TASK ITEM: Transcribe only what runs from the line containing "A slice of rhubarb" through the final line below, exactly, and leave every picture out.

RECORDS SUPPLIED:
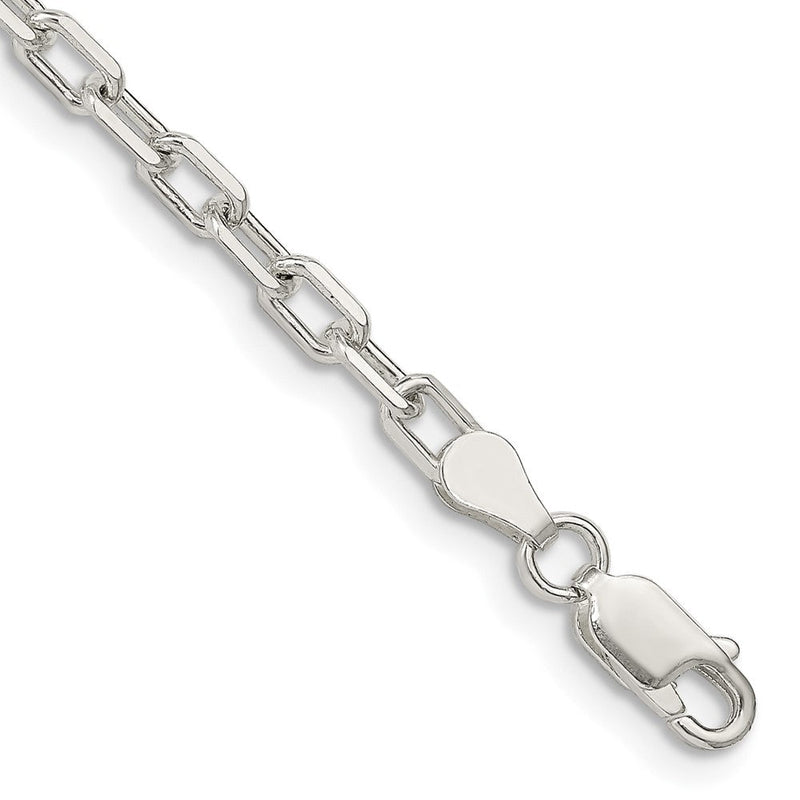 Sterlingsilber 3.75mm Diamantiert Lang Glieder Ankerkette Gliederarmband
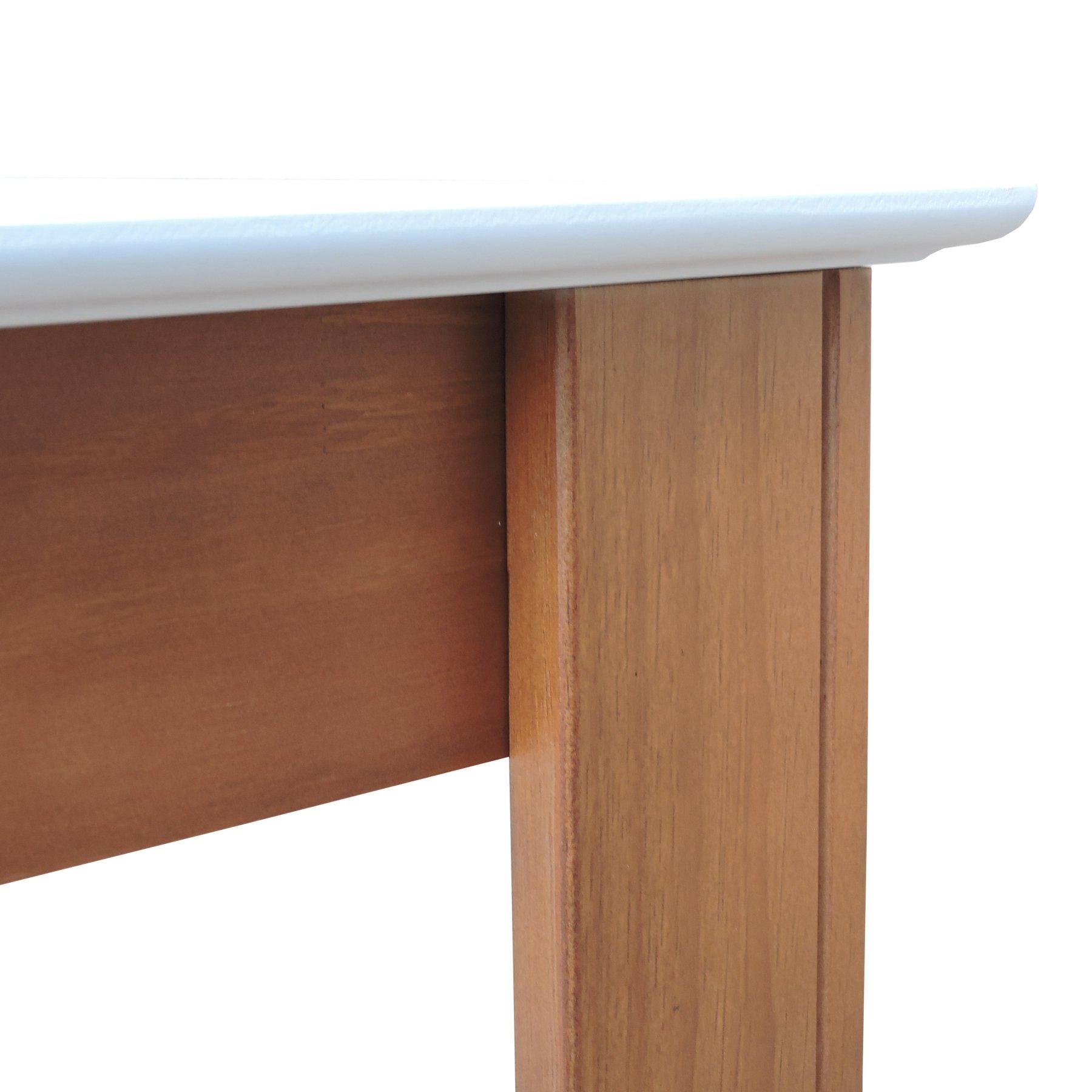 Mesa de Jantar Lyon Pés Madeira Maciça Tampo MDF Laqueado 135x70 - Amêndoa Branco - 6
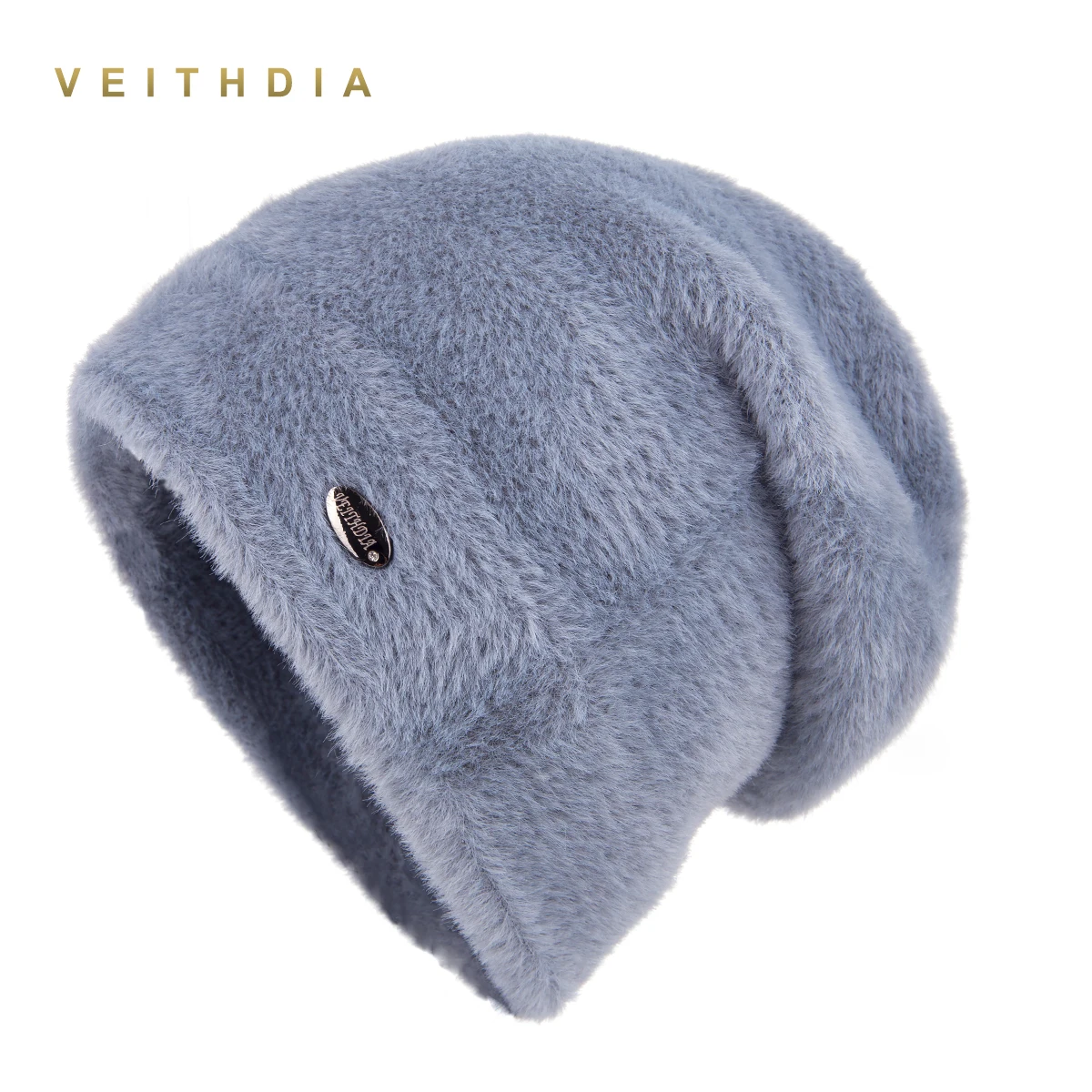 

VEITHDIA High Quality Women Winter Hats Fashion Rabbit velvet Knitted Like Mink Fur Hat Female Girl Double thickening Beanies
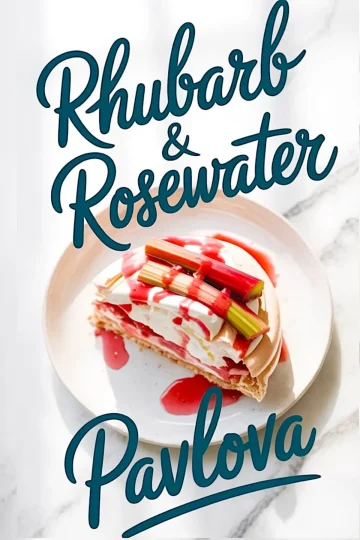 A slice of rhubarb and rosewater pavlova on a white plate, topped with whipped cream, vibrant red rhubarb stalks, and drizzled with pink syrup, photographed on a marble background with bold text overlay.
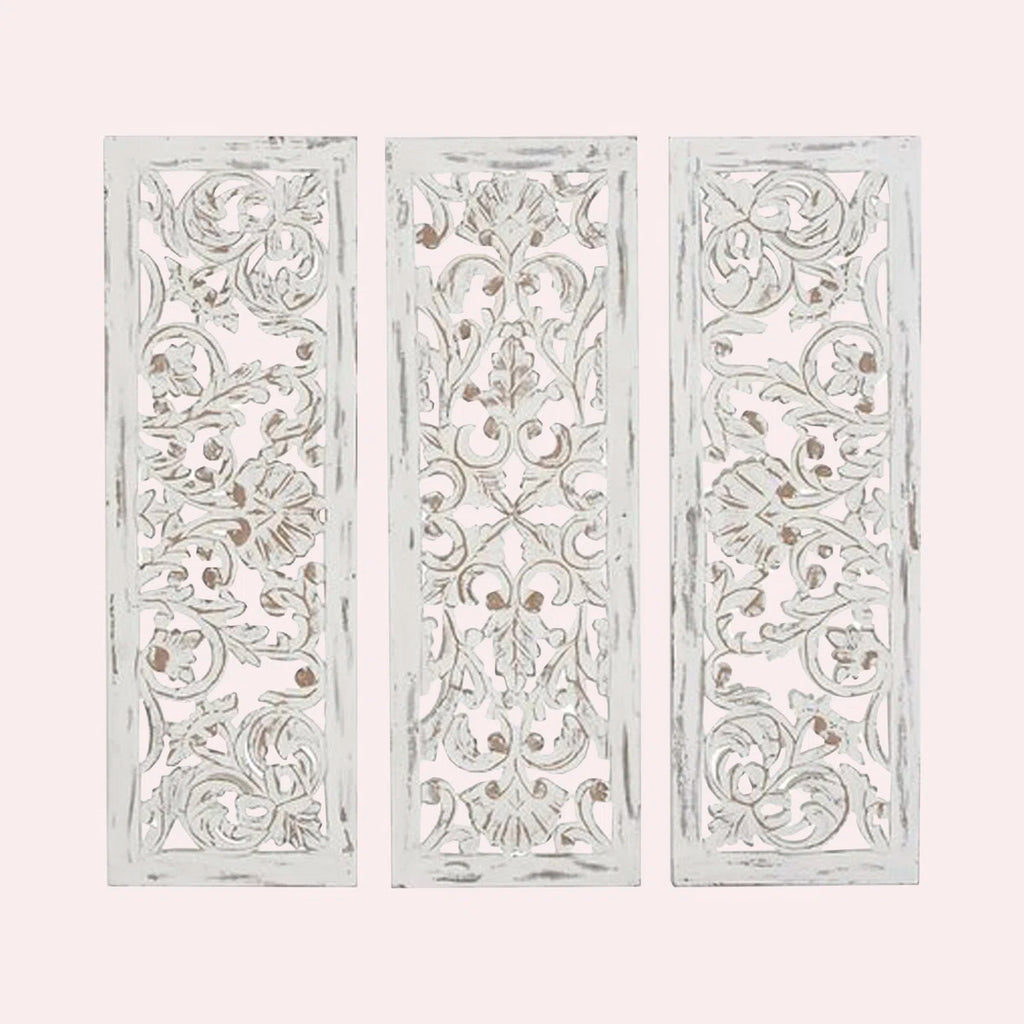 White Wooden Floral Handmade Intricately Carved Home Wall Decor, Set of 3 12"W, 36"H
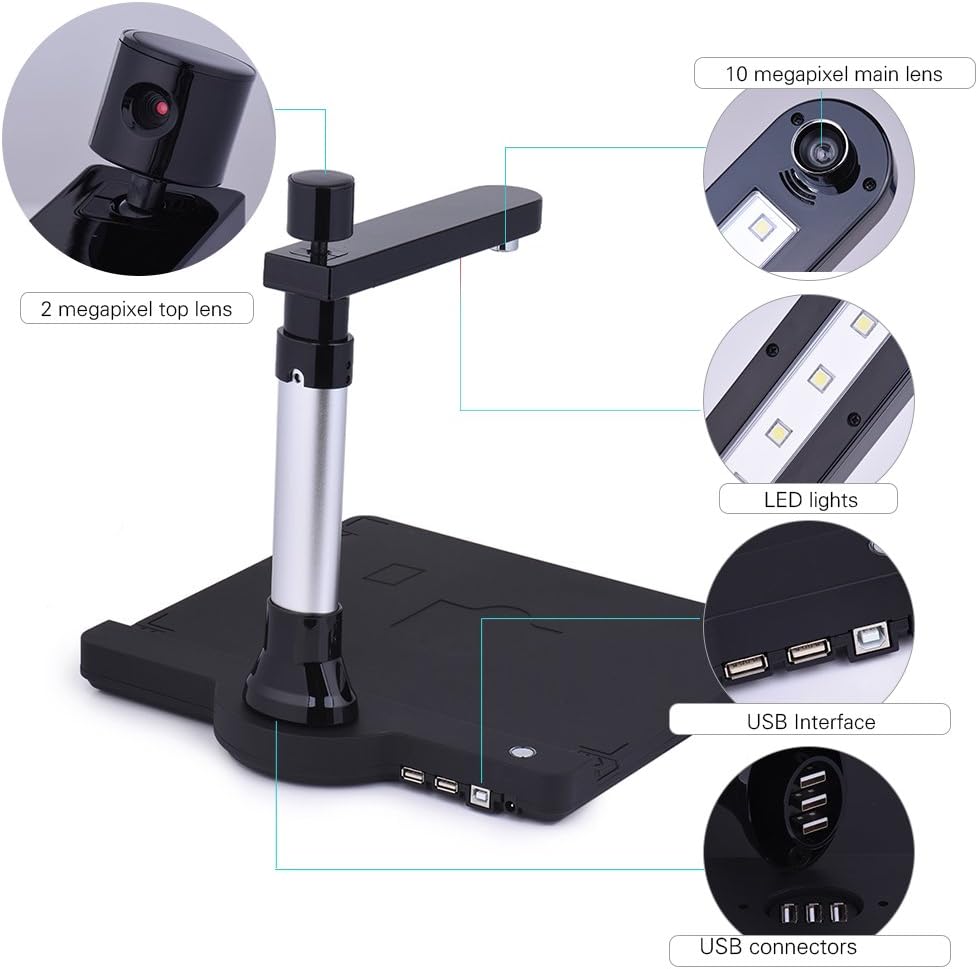 Adjustable Dual Lens Document Scanner with OCR Function LED Light X92391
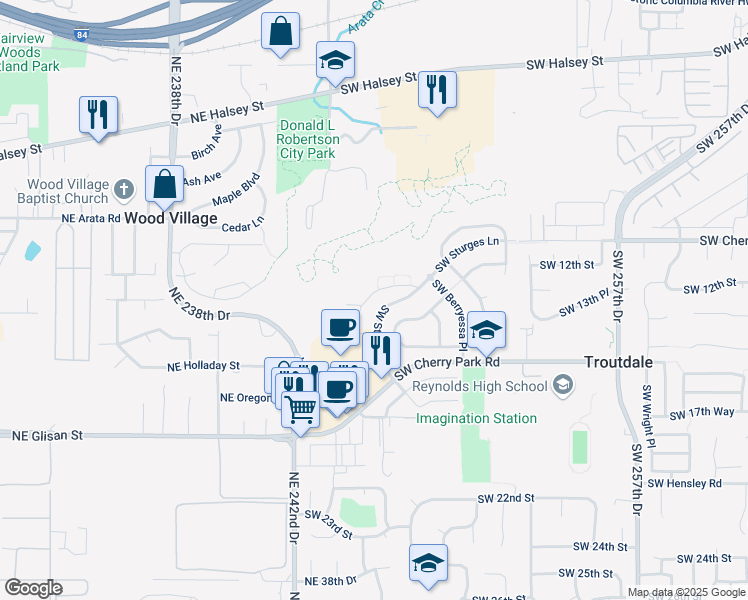 map of restaurants, bars, coffee shops, grocery stores, and more near 2153 Southwest Sturges Lane in Troutdale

SOLUTION TO THE PROBLEM:
 A slice of rhubarb and rosewater pavlova on a white plate, topped with whipped cream, vibrant red rhubarb stalks, and drizzled with pink syrup, photographed on a marble background with bold text overlay.
 White Wooden Floral Handmade Intricately Carved Home Wall Decor, Set of 3 12"W, 36"H
 Adjustable Dual Lens Document Scanner with OCR Function LED Light X92391
 map of restaurants, bars, coffee shops, grocery stores, and more near 2153 Southwest Sturges Lane in Troutdale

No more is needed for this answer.